_TASK TO COMPLETE_
Reproduce the listing word for word, leaving every picture behind.
MATERIAL FOR THIS EXERCISE below:
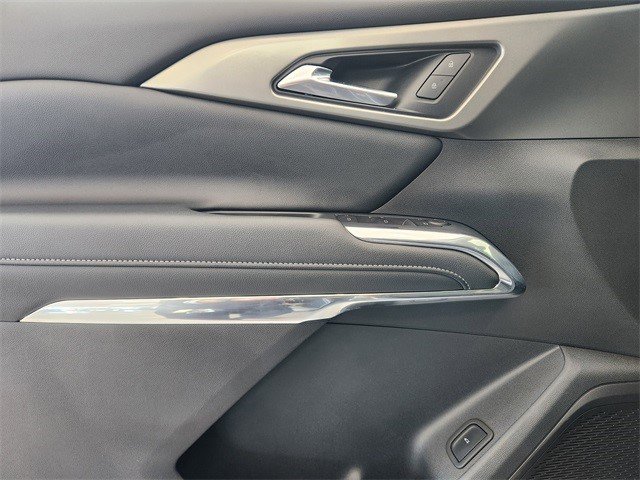 Certified 2025 Chevrolet Traverse LT w/ Sun and Wheel Package image 7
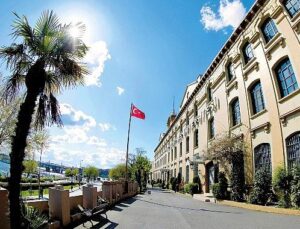 Kadir Has Üniversitesi’nden Yapay Zekâ Takviyeli Tercih Rehberi: KHASGPT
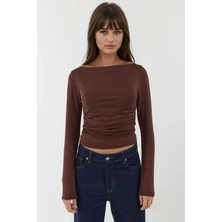 Hiccup Kadınlar Tekne Yaka Uzun Kollu Slim Fit Örgü Üst Mocha Kahvesi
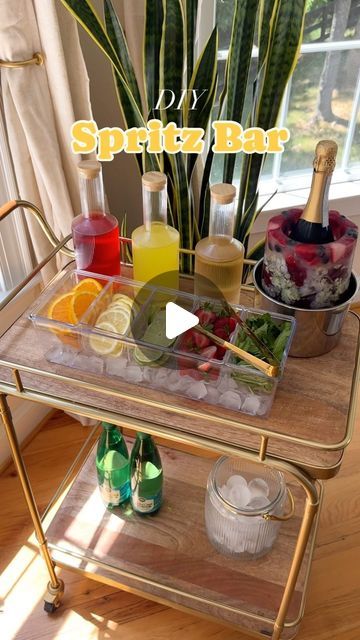 Diy Spritz Bar, Spritz Bar Ideas, Spritz Station, Elderflower Liquor, Spritz Bar, Hugo Spritz, Girls Brunch, Brunch Drinks, Mystery Dinner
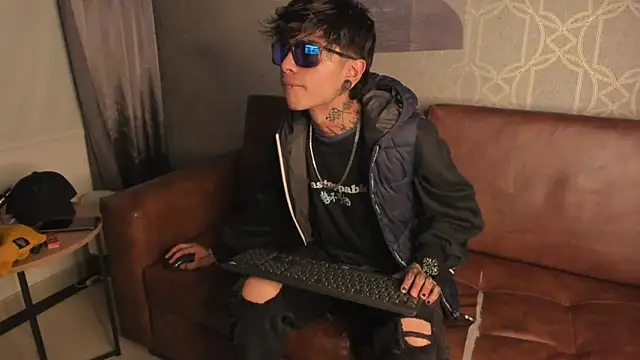 AcidMilo online show from 12.12.24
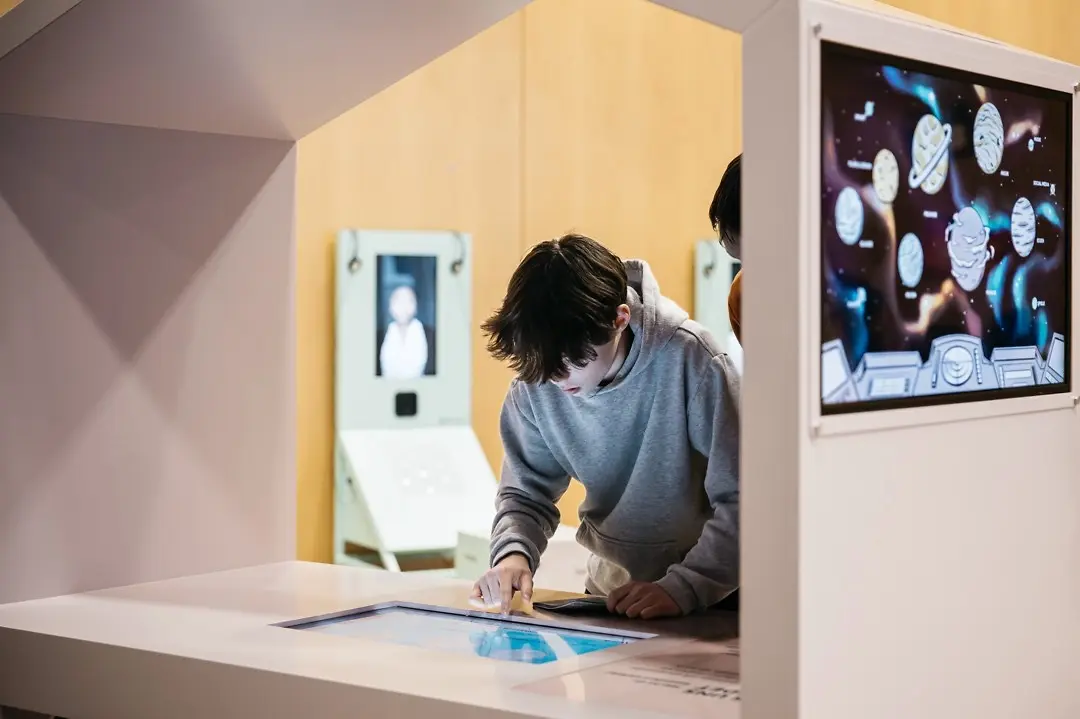 Ein Jugendlicher macht die Umfrage an einem Bildschirm.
End of MATERIAL FOR THIS EXERCISE.
_RESULT OF THE EXERCISE_
 Certified 2025 Chevrolet Traverse LT w/ Sun and Wheel Package image 7
 Kadir Has Üniversitesi’nden Yapay Zekâ Takviyeli Tercih Rehberi: KHASGPT
 Hiccup Kadınlar Tekne Yaka Uzun Kollu Slim Fit Örgü Üst Mocha Kahvesi
 Diy Spritz Bar, Spritz Bar Ideas, Spritz Station, Elderflower Liquor, Spritz Bar, Hugo Spritz, Girls Brunch, Brunch Drinks, Mystery Dinner
 AcidMilo online show from 12.12.24
 Ein Jugendlicher macht die Umfrage an einem Bildschirm.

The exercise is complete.